• [Task objective]: Reproduce exactly the lines of this material that begin at the line with "Кружка Homla MIDO 4 180 мл Зеленый - 5" and end at the line with "Standard 500M", both included. Omit the pictures and everything else.

Start of Supplied records

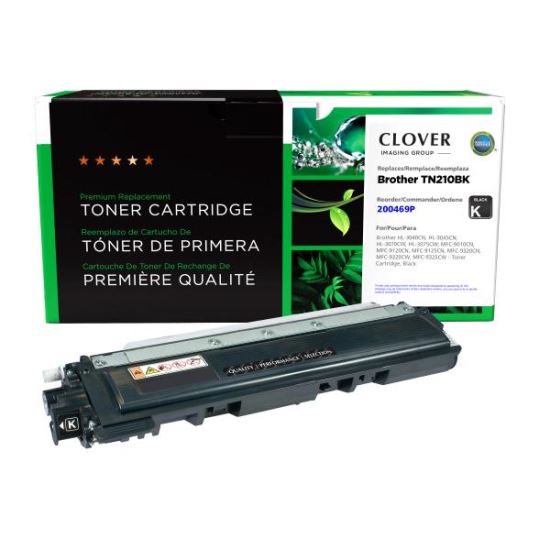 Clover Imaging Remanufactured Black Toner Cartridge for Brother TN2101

End of Supplied records
Start of Supplied records

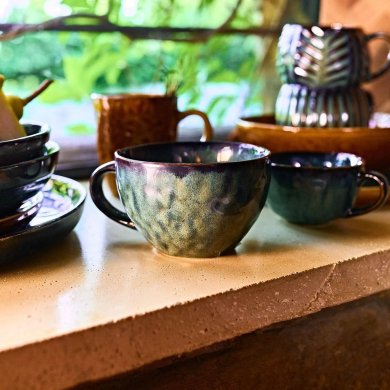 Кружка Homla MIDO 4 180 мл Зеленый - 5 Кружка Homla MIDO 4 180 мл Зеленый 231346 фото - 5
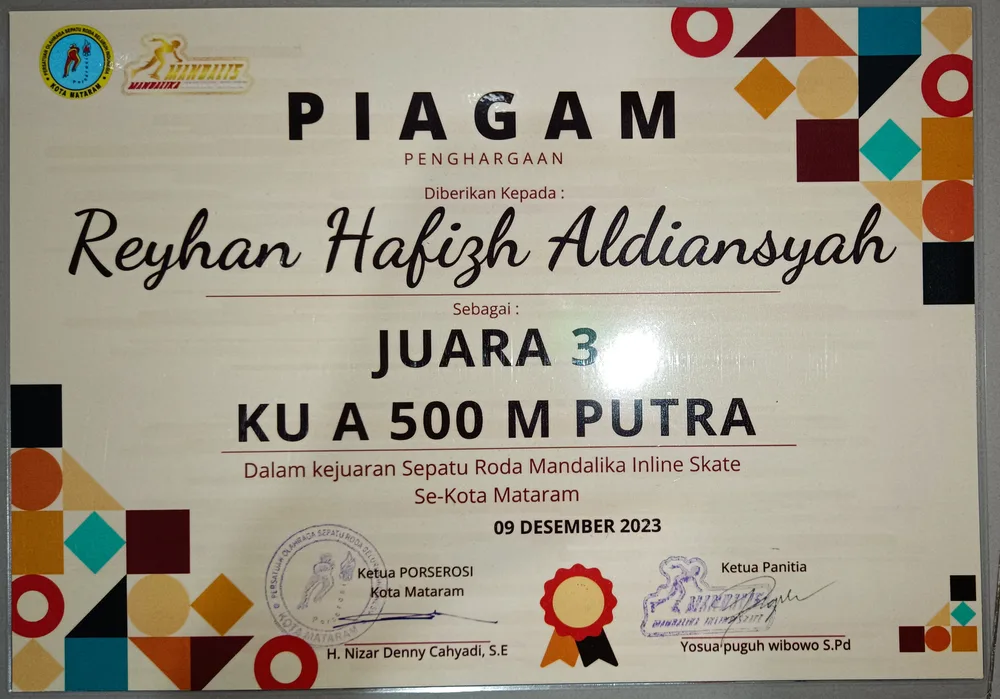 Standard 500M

End of Supplied records

• [Response]:
 Кружка Homla MIDO 4 180 мл Зеленый - 5 Кружка Homla MIDO 4 180 мл Зеленый 231346 фото - 5
 Standard 500M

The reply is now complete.